Find the domain and range of the following real function:
(i) $f(x)=-|x|$
(ii) $f(x)=\sqrt{9-x^{2}}$
(i) $f(x)=-|x|, x \in \mathbf{R}$
We know that $|x|=\left\{\begin{array}{l}x, x \geq 0 \\ -x, x<0\end{array}\right.$
$\therefore f(x)=-|x|=\left\{\begin{array}{l}-x, x \geq 0 \\ x, x<0\end{array}\right.$
Since $f(x)$ is defined for $x \in \mathbf{R}$, the domain of $f$ is $\mathbf{R}$.

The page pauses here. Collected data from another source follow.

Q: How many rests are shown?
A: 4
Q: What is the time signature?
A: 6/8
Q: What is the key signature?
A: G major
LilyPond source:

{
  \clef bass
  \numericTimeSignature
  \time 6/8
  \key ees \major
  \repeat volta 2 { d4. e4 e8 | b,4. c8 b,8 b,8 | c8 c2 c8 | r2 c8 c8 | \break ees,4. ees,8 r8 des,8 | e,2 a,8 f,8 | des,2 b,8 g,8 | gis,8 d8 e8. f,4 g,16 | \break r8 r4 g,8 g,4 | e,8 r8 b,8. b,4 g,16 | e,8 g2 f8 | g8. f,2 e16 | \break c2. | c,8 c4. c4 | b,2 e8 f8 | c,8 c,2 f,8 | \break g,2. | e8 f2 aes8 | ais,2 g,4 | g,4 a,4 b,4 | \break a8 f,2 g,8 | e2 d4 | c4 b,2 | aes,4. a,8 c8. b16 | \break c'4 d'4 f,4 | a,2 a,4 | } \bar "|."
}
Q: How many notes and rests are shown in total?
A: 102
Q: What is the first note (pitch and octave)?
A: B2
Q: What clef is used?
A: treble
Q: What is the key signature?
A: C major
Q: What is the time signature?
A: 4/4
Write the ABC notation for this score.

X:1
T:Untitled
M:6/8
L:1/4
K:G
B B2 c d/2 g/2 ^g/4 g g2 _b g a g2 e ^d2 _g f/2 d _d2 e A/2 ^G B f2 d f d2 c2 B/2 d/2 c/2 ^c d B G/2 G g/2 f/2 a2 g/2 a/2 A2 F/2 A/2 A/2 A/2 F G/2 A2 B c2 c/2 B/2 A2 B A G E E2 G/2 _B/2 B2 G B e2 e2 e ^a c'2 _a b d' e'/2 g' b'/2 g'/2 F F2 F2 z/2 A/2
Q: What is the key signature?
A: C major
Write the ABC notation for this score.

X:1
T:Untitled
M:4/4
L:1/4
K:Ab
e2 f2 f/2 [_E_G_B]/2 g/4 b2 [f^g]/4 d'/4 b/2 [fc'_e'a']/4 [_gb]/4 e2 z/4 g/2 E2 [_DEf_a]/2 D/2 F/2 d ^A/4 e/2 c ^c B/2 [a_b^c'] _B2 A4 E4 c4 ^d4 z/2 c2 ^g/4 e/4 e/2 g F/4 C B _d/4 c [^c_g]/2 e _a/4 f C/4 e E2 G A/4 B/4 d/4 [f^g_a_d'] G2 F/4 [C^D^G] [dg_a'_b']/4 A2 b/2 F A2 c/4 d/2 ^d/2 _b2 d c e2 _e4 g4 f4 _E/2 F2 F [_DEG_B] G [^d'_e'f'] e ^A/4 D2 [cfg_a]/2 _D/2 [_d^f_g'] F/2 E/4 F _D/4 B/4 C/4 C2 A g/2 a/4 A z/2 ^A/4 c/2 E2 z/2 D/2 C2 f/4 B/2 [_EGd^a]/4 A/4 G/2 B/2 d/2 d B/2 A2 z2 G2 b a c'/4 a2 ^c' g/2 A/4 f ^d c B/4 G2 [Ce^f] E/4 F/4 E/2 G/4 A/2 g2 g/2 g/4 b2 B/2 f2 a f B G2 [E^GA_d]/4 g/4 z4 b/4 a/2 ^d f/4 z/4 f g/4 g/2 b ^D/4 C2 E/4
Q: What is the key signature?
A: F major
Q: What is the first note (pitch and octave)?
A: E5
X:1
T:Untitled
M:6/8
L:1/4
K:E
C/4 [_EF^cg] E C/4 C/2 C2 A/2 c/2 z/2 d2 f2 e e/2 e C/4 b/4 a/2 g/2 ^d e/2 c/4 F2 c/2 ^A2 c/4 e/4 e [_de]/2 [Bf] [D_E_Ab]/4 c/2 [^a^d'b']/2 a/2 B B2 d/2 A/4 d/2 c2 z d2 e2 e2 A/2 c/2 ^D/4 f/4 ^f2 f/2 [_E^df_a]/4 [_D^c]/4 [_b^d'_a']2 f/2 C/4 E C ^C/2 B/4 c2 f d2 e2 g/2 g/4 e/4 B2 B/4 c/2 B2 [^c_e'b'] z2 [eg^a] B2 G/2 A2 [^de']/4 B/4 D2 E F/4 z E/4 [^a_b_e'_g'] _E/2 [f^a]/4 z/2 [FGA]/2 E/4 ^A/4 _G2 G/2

It can be observed that the range of $f(x)=-|x|$ is all real numbers except positive real numbers.
$\therefore$ The range of $f$ is $(-\infty, 0]$.
(ii) $f(x)=\sqrt{9-x^{2}}$
Since $\sqrt{9-x^{2}}$ is defined for all real numbers that are greater than or equal to $-3$ and less than or equal to 3, the domain of $f(x)$ is $\{x:-3 \leq x \leq 3\}$ or $[-3,3]$.
For any value of $x$ such that $-3 \leq x \leq 3$, the value of $f(x)$ will lie between 0 and 3 .
$\therefore$ The range of $f(x)$ is $\{x: 0 \leq x \leq 3\}$ or $[0,3]$.